Set down a true copy of the data, with all pictures left out.

[SUPPLIED MATERIAL Boundary: Start]

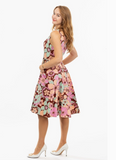 Pink & Mint Green Bold Floral Print Fit & Flare Dress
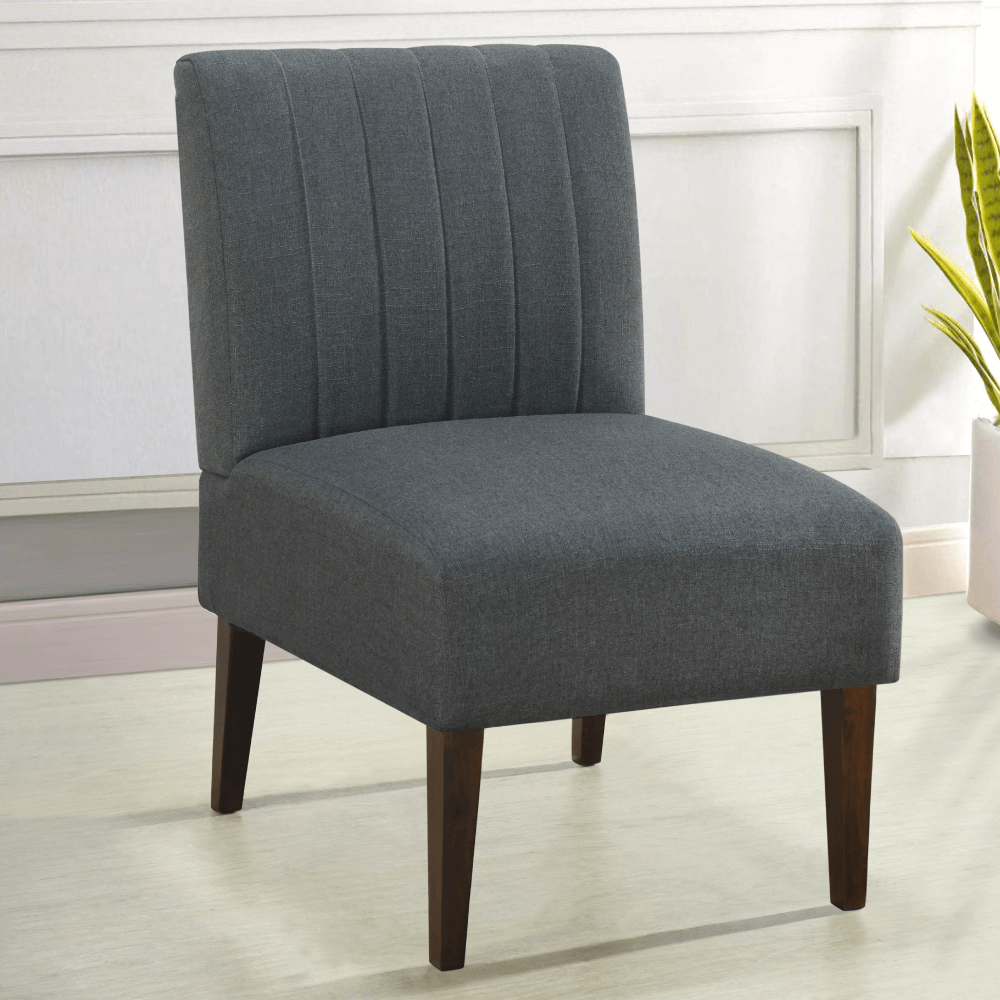 Minimalistic Dark Grey Fabric Accent Chair By Home Elegance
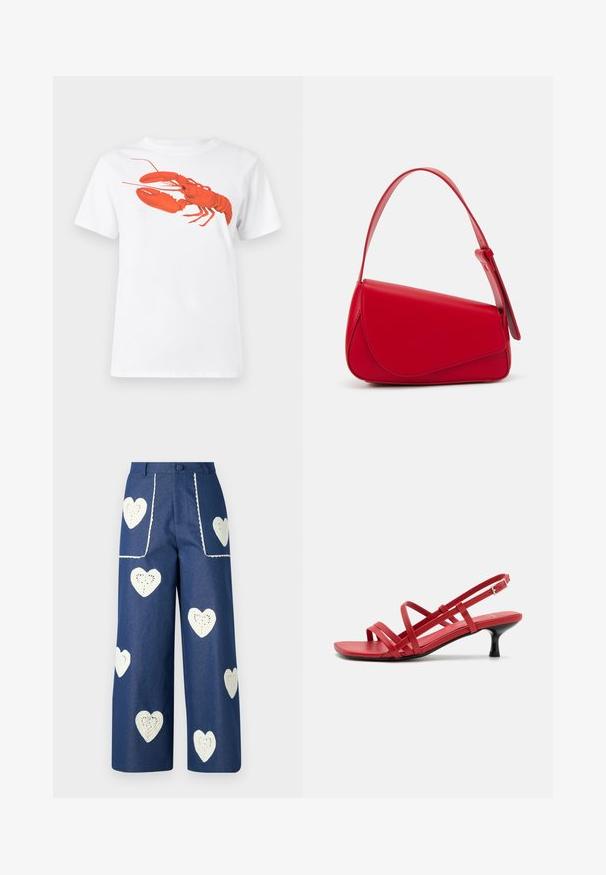 White cotton t-shirt featuring a large, bright red lobster graphic on the front. Short sleeves and standard crew neck design.; Sister Jane HEART TO HEART - Straight leg jeans - blue denim; Red strappy sandals featuring a slim, high heel. The upper is made of smooth material with a flat sole and an ankle strap for support.; Red leather handbag with an angular, geometric design. Features a single adjustable strap and a flap closure with stitched detailing.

[SUPPLIED MATERIAL Boundary: End]

**OUTPUT OF THE TASK:**
 Pink & Mint Green Bold Floral Print Fit & Flare Dress
 Minimalistic Dark Grey Fabric Accent Chair By Home Elegance
 White cotton t-shirt featuring a large, bright red lobster graphic on the front. Short sleeves and standard crew neck design.; Sister Jane HEART TO HEART - Straight leg jeans - blue denim; Red strappy sandals featuring a slim, high heel. The upper is made of smooth material with a flat sole and an ankle strap for support.; Red leather handbag with an angular, geometric design. Features a single adjustable strap and a flap closure with stitched detailing.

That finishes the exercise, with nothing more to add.